Syarat-syarat tersebut di atas merupakan jaminan yang diberikan oleh
undang-undang bahwa tidak seorangpun dapat diangkat menjadi notaris, jika tidak
memiliki pengetahuan dan kemampuan untuk menjadi notaris. Pengetahuan ini
benar-benar menguasai ilmu hukum yang sesuai dengan tuntutan lalu lintas
hukum serta pengetahuan umum.
Seperti yang telah diuraikan di atas, bahwa jabatan notaris adalah jabatan
yang memberikan pelayanan dan merupakan suatu lembaga kepercayaan yang
dapat diandalkan oleh masyatakat untuk urusan tertentu, sepeti membantu di
dalam pembuatan akta perjanjian antara anggota masyarakat, pembuatan surat
kuasa, membuat dan/atau menyimpan surat wasiat, dan lain-lain.
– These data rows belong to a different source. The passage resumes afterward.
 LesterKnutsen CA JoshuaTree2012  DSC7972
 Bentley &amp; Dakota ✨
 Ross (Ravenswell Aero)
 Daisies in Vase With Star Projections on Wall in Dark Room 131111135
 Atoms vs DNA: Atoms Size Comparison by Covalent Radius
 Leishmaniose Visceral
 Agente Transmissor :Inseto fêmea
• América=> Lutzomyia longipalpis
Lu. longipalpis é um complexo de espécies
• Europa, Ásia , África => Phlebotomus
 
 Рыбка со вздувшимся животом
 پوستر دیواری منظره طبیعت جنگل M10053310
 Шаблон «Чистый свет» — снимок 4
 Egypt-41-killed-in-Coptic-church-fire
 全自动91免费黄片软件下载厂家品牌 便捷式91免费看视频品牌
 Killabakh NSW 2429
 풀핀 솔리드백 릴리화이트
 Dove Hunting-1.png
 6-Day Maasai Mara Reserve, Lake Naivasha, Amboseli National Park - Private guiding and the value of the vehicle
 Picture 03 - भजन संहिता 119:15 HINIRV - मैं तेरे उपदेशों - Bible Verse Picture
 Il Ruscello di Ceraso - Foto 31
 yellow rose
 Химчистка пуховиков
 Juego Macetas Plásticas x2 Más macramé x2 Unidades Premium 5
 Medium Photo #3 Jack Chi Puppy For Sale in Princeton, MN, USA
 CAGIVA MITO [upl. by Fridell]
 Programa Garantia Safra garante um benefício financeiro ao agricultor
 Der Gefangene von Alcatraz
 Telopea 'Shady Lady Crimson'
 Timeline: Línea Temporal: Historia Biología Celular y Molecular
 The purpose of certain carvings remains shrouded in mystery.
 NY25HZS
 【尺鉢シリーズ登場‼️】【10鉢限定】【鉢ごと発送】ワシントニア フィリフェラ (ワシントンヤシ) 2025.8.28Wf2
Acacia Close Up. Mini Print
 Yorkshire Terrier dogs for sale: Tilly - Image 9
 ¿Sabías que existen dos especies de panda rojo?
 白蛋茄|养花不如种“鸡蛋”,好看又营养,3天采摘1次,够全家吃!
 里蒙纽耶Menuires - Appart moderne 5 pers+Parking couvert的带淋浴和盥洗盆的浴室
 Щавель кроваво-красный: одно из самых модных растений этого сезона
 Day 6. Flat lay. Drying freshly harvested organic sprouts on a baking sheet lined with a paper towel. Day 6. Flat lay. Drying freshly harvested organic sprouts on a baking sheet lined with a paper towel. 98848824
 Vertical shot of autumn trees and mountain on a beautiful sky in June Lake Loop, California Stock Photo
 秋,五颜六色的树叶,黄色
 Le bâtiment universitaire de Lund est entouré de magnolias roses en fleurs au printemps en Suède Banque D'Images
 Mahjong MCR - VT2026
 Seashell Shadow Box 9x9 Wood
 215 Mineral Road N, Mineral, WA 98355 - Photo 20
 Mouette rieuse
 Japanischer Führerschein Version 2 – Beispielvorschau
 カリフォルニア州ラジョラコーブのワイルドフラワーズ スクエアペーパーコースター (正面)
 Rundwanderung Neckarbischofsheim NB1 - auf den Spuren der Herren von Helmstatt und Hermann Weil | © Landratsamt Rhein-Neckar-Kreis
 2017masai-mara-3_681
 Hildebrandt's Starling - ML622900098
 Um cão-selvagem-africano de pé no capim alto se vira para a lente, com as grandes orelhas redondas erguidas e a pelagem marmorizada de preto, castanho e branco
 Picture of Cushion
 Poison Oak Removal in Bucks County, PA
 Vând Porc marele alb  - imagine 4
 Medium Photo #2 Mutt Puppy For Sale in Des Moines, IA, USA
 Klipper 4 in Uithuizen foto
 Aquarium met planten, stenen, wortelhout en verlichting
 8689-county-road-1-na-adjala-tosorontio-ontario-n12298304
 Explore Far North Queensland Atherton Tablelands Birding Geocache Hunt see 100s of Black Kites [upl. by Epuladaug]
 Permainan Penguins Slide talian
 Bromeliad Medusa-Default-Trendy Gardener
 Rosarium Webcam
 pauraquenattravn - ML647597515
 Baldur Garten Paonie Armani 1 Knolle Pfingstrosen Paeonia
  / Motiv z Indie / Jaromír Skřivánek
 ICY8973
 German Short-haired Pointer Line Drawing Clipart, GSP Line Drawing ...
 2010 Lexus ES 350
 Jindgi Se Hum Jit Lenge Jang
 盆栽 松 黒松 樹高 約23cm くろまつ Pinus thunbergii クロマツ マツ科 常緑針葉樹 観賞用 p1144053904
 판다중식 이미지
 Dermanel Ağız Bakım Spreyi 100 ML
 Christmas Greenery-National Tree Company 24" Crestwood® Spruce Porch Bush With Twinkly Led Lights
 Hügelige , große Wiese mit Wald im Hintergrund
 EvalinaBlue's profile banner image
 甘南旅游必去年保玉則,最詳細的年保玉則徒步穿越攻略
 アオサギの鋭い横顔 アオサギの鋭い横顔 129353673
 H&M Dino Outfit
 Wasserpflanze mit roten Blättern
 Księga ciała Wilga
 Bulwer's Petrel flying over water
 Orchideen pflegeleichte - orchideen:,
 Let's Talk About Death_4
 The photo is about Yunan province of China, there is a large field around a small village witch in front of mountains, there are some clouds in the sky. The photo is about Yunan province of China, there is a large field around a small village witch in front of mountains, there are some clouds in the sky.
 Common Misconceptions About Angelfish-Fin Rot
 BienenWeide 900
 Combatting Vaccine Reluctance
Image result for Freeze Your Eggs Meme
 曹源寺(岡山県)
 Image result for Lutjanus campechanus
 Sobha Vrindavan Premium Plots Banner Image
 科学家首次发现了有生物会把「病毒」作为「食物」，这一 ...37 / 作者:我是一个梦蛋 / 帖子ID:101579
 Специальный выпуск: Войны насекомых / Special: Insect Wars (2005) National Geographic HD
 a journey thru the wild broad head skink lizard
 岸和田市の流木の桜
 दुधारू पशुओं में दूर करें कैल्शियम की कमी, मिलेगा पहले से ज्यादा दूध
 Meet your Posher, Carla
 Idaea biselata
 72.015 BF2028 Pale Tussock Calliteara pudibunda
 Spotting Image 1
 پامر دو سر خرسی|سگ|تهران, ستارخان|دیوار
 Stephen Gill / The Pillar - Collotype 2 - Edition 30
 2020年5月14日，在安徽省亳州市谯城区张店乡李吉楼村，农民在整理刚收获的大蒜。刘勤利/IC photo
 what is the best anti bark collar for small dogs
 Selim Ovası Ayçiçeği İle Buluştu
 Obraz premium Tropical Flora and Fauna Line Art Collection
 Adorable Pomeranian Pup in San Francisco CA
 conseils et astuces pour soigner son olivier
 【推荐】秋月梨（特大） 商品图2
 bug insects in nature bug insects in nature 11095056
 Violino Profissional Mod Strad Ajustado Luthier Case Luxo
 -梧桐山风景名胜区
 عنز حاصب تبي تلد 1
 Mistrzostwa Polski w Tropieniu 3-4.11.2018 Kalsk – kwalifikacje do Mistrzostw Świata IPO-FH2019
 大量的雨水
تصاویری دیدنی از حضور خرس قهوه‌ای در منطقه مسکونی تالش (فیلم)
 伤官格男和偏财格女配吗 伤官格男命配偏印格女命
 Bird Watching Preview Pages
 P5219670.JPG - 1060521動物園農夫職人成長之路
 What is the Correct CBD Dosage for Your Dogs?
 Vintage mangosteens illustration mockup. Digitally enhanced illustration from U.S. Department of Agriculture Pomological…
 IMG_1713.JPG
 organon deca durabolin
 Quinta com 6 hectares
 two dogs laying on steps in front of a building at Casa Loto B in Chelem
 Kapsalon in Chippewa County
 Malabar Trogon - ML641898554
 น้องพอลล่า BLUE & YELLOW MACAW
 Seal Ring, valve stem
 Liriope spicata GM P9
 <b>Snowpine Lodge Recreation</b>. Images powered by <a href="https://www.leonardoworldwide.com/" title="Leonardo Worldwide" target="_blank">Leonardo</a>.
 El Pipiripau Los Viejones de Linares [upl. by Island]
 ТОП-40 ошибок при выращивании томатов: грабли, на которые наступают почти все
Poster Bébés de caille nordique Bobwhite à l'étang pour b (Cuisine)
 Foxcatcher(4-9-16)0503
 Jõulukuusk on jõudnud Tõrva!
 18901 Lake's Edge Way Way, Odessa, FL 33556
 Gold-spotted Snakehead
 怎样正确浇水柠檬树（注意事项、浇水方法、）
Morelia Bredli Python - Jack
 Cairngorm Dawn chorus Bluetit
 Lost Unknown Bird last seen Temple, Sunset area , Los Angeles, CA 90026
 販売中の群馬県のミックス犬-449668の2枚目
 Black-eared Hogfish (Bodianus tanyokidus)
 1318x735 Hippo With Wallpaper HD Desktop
Untuk itu
keluhuran budi dan moral yang baik dari seorang notaris adalah suatu persyaratan
yang harus ada. Hal ini didasarkan pada pemikiran bahwa tidak mungkin
masyarakat akan memberikan kepercayaan kepada seorang notaris, apabila yang
bersangkutan tidak mempunyai moral yang baik dan tidak dapat dipercaya.
7
Jika seseorang untuk dapat memangku jabatan notaris diperlukan
persyaratan yang berat dan ketat, tidaklah demikian untuk menjadi Pejabat
Pembuat Akta Tanah (PPAT). Hal ini dapat dipahami mungkin karena
wewenangnya yang terbatas, yakni terbatas hanya dapat membuat 8 (delapan)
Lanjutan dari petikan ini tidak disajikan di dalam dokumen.